Stephanie Chinn (Javonte Anderson/Capital B)
The Women Who Raised Me Never Taught Me to Fear White People
Stephanie Chinn says the confidence instilled by her mother, grandmother, and great-grandmother shaped how she encountered racism — and navigated a changing Gary — for the rest of her life.
From afternoons with her great-grandmother to confronting racism for the first time, Stephanie Chinn, 59, traces the experiences that shaped her understanding of race, family, and belonging.
This account has been condensed and edited for clarity.
I can go all the way back to when I was 3 years old. That’s my earliest memory, really, being left with my grandmother and my great-grandmother while my mother went to work and my older siblings were already in school. I was too little for school, so I stayed behind, and honestly, looking back, that was a gift.
I didn’t know it then, but I was in the presence of some seriously strong women.

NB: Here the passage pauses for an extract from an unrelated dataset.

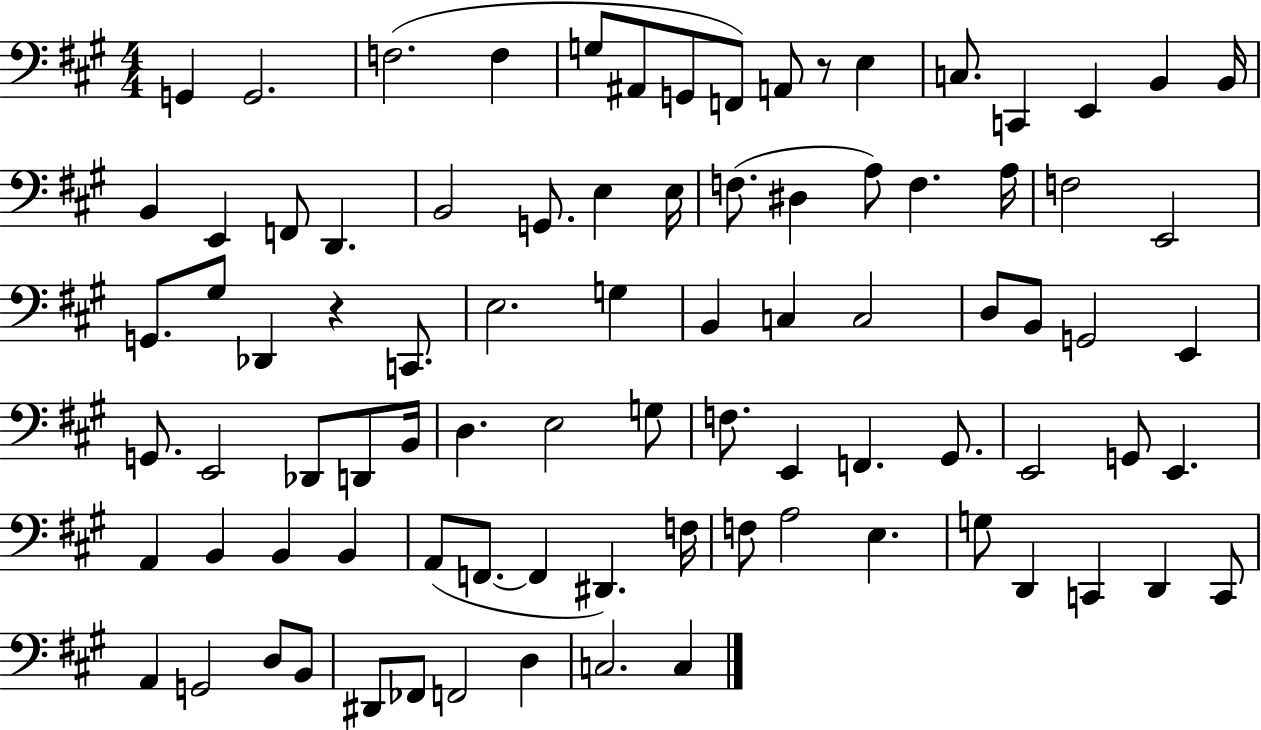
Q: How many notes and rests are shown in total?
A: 87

My mother came from those women, and I was a 3-year-old just watching them, soaking it all in without understanding what I was seeing. My great-grandmother prided herself on her lawn. That was a big deal, keeping your lawn right. There was a shortcut through her yard that the neighborhood kids would cut through after school every single day. So my great-grandmother would sit out there waiting with her BB gun. I used to live for that. Here they come, Grandma. Get ’em. Those are some of my best early memories.
I was always with these older women, and because of that, I grew up in a kind of bubble where I thought people were loving and kind and everybody got along. I genuinely did not understand racism yet. My first real introduction to it happened in a grocery store here in Gary. It was a Buy Low. I remember it clearly. My mother was trying to ask one of the men working there a question, and he just ignored her. Kept right on ignoring her. I didn’t fully understand what was happening, but I knew it was wrong. So I spoke up. I said, “Excuse me, do you see my mother? My mother is talking to you. You need to answer her.” All the Black people around us were stunned, like, oh my God, this little girl. But I didn’t know any better. I just knew my mother deserved to be answered. That was my first real lesson that some people were going to treat us differently because of the color of our skin. It hit me hard, because I had never seen it before.
Both of my parents came up from the South, but their experiences down there were very different from each other. My father was a very dark-skinned Black man. My mother was fair-skinned with beautiful hair. Their experiences, even starting in the South, were never going to be the same. My father had stories that showed that plainly. He would tell about riding in the car when they were dating, getting stopped by police, being told where he could and couldn’t sit. What made that story even more complicated is that his father, my granddaddy, looked white. He truly looked like a white man. So within my father’s own family you had people ranging from very dark to very light, and the world treated every one of them differently depending on what they looked like. My mother’s experience was shaped by those strong women, a household of women who taught you to have a strong mind. I got something from both of those lines. Thank you, ancestors.
I was different from a lot of the kids I met there, and I knew it. I had been raised by women who didn’t teach fear of white people. I had a Southern perspective on things, and my reaction to these kids was going to be different from kids who had grown up alongside them their whole lives. By the time I got to Wirt High School, I started watching what was happening and understanding it for what it was: white flight. The white families who could afford to pulled their kids out and sent them to Andrean, Bishop Noll, wherever they could.
My aunt was a big part of why we ended up in Miller. She was one of the first women police officers in Gary, one of five total. Of those five, I believe only my aunt and one other woman, a Hispanic woman, are still living. The rest are gone. I’ve talked to my cousin about getting them some kind of recognition during Women’s Police Week, because they deserve it. My aunt had a beautiful home out here in Miller, probably one of the only Black families on her street at the time. Her house sat up on a hill right near the beach. You could just walk down to the water.
And downtown Gary in those days, catching the bus with my grandma, going to Kresge’s, sitting at the lunch counter and ordering a burger — oh my God. It was the best thing in the world to me. Those were the days.